Friday, August 20, 2010

Poetry Friday: At Lowe's Home Improvement Center

I have a poem to share on this Poetry Friday that could lead me in numerous directions. What I'll choose to focus on is that this week the last American combat brigade withdrew from Iraq. Operation Iraqi Freedom has, apparently, come to a close.

War is something foreign to me, and I hope it will always remain so. I have to be honest, I never supported the War in Iraq in any fashion--I consider myself to be a pretty staunch pacifist, particularly when it comes to military operations in Iraq. But let me be clear, I have nothing but respect and reverence for the men and women who serve in our country's armed forces. I admire their courage and dedication and I honor their service and sacrifices. As the child, grandchild, and great-grandchild of veterans, anything less is unconscionable for me.

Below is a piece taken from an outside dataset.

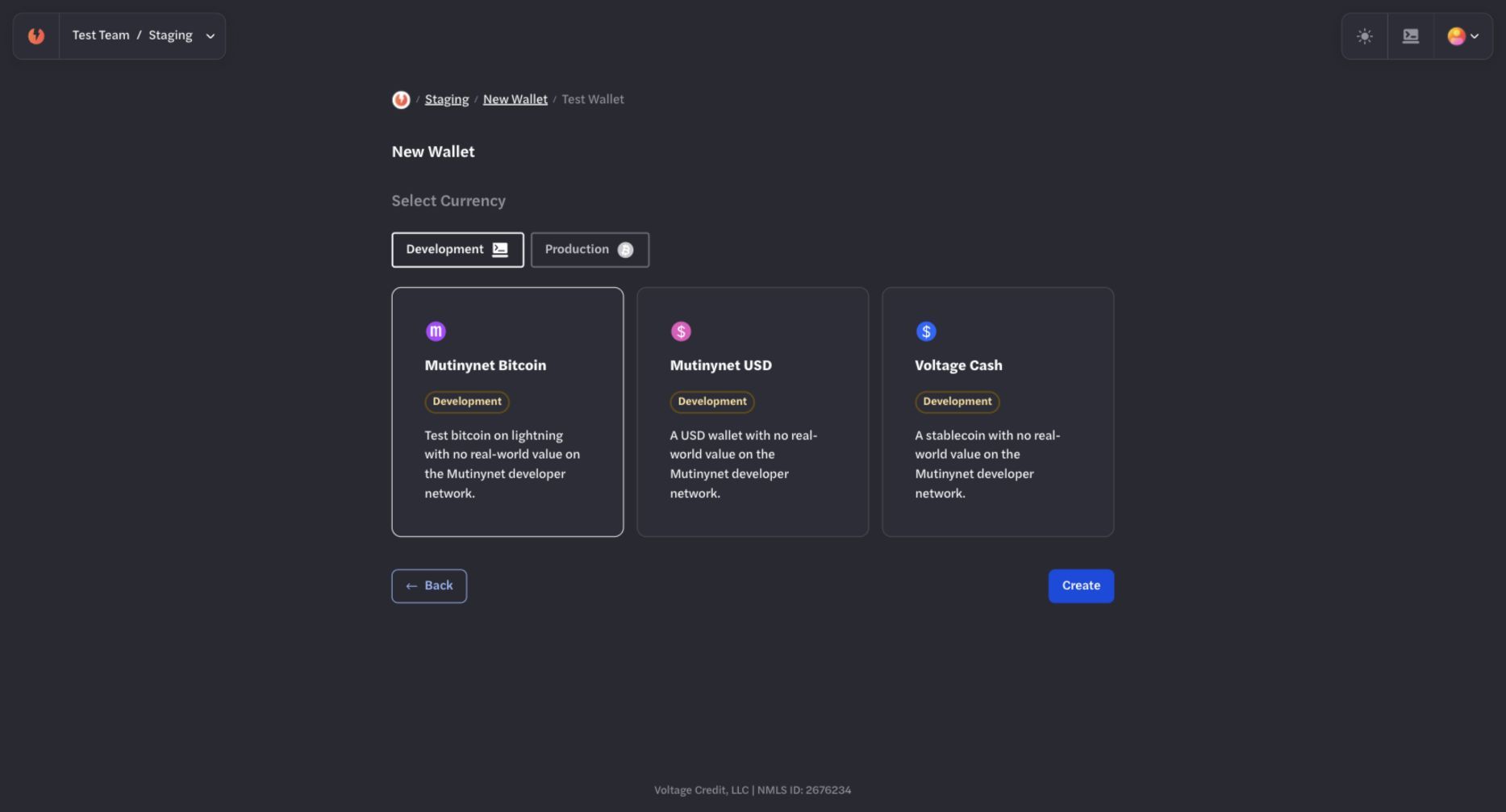 Development wallet choices showing Mutinynet Bitcoin selected with Mutinynet USD and Voltage Cash unselected Development wallet choices showing Mutinynet Bitcoin selected with Mutinynet USD and Voltage Cash unselected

So this week I want to share a poem I came across via my RSS feed from Poetry Daily, "At Lowe's Home Improvement Center." It's one of the few poems I've read about the Iraq War, and I think for people like myself, who've never experienced combat or anything like it, it captures the unending impact that warfare has on the lives of those who serve. It made me think of a short story I read in college, "A Soldier's Home," by Ernest Hemingway, which made me realize that for those who survive combat, life is never, ever the same.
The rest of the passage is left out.